Des acquis à préserver et des défis à relever pour les universités québécoises

Poser un regard neuf sur la qualité de l’enseignement universitaire

Lettre d’opinion publiée dans le journal Le Devoir, le mercredi 14 mai 2008, sous le titre Poser un regard neuf sur la qualité de l’université, et sur le site de Cyberpresse – Le Soleil, le 30 mai, sous le titre Une vision superficielle et passéiste de l’université.

L’université québécoise subit probablement les pressions les plus fortes de tous les secteurs du système d’éducation au Québec pour accroître sa « productivité ». Pas surprenant qu’on observe des pressions à la baisse pour la mettre au diapason d’une économie plus « mondialisée ». Mais associer un risque d’affaiblissement de la qualité de l’enseignement au grand nombre de chargé-es de cours est non seulement injuste pour ces professionnels de l’enseignement, qui assument pratiquement 50 % des cours au premier cycle, mais constitue un raccourci analytique facile et impropre à suggérer des solutions adéquates. C’est pourtant ce que fait le dernier avis du Conseil supérieur de l’éducation.

L’importance et le rôle du professeur d’université sont une évidence et vont de pair avec la mission globale de l’université. Son embauche l’est tout autant ! Mais établir la qualité des universités, surtout sur le plan de la formation, sur la seule corrélation basée sur le ratio de l’effectif étudiant et de celui des professeurs relève d’une vision superficielle et passéiste de l’université.

D’abord, précisons que la qualité de la formation repose sur un nombre important de facteurs. L’un d’entre eux est certes celui du corps enseignant. Or, exclure les milliers de chargé-es de cours de ce calcul, c’est être aveugle à leur expertise et à leur contribution à l’avancée des universités en matière de scolarisation de la population québécoise qualifiée de remarquable par le Conseil supérieur de l’éducation !

La qualité du corps enseignant de l’université d’aujourd’hui se distingue par sa diversité, sa complémentarité, son expérience pédagogique et professionnelle et sa capacité de travail en équipe. Elle tient également au souci constant pour le développement pédagogique et pour la mise à jour des connaissances dont témoignent ses membres. Les chargé-es de cours sont conscients et s’investissent jour après jour dans l’amélioration de leur enseignement. En outre, plusieurs sont également actifs en recherche et en création. Ils participent aussi depuis de nombreuses années à l’élaboration et à la révision des programmes ainsi qu’à divers comités pédagogiques et ont des représentants officiels qui siègent aux instances universitaires.
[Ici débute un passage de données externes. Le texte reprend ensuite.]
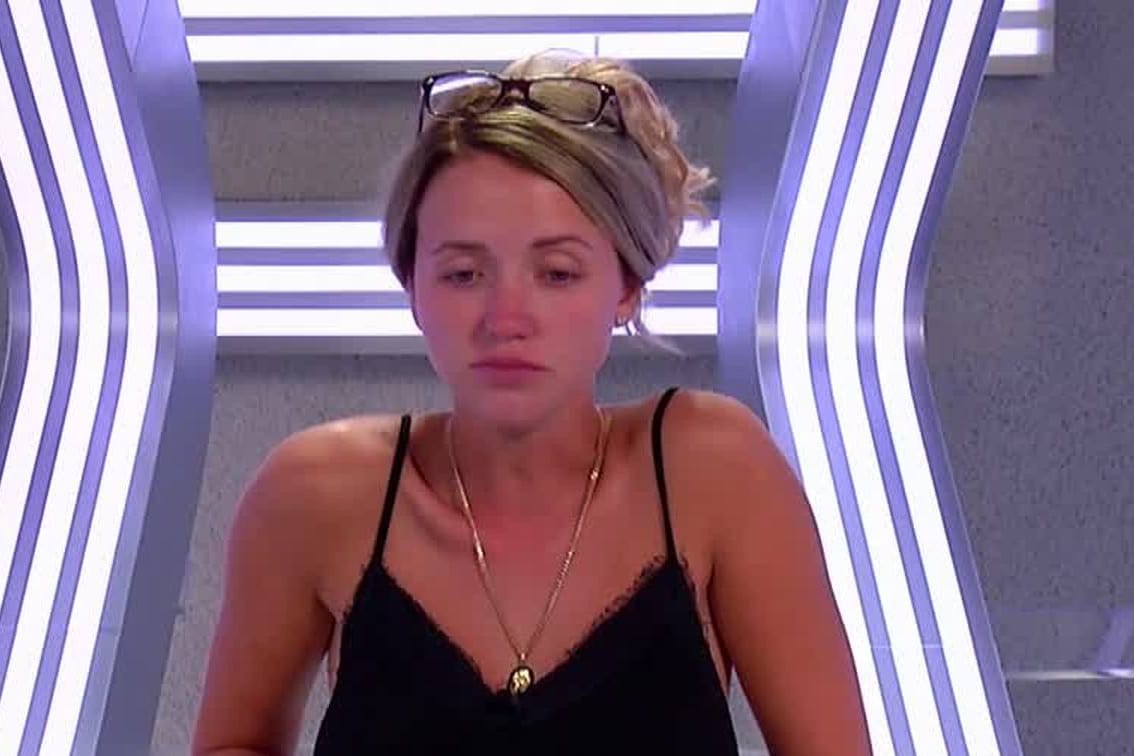 Cathy Lugner schüttet im "Promi Big Brother" Haus ihr Herz aus.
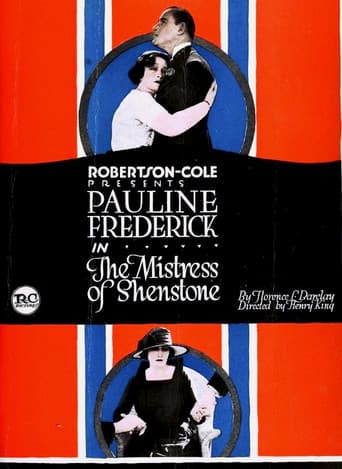 The Mistress of Shenstone poster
Il apparaît donc clairement que les chargé-es de cours sont beaucoup plus que de simples enseignants à forfait, qu’ils font partie intégrante de la structure des universités et qu’il est essentiel que leur contribution soit reconnue à sa juste valeur.

Poser un regard neuf sur les universités, ce n’est pas évaluer la performance des établissements à leur capacité de recherche. Il faut plutôt voir dans la valorisation de l’enseignement universitaire ce pas essentiel pour faire face aux nouvelles réalités de l’économie du savoir. Les exigences de la qualité sont avant tout sur le plan de la formation et de l’enseignement, qui doivent être valorisés, du moins autant que la mission de recherche. Ces exigences doivent s’articuler à tous les cycles et être orientées dans le sens d’une formation intégrale aux aspects multiples : intellectuel, pratique, méthodologique, professionnel et humaniste.

L’évolution contemporaine des universités n’est pas une réalité propre au Québec. La présence accrue d’enseignants à statut précaire est un phénomène grandissant partout dans le monde, particulièrement en Amérique du Nord, manifestation qui va de pair avec une accessibilité plus grande aux établissements universitaires. Il importe d’assurer à ces professionnels de l’enseignement une participation active à la mission des universités tout en préservant, à l’instar des professeurs réguliers, leur liberté académique. À cet égard, les chargé-es de cours québécois ont fait montre de leadership en se dotant des protections nécessaires.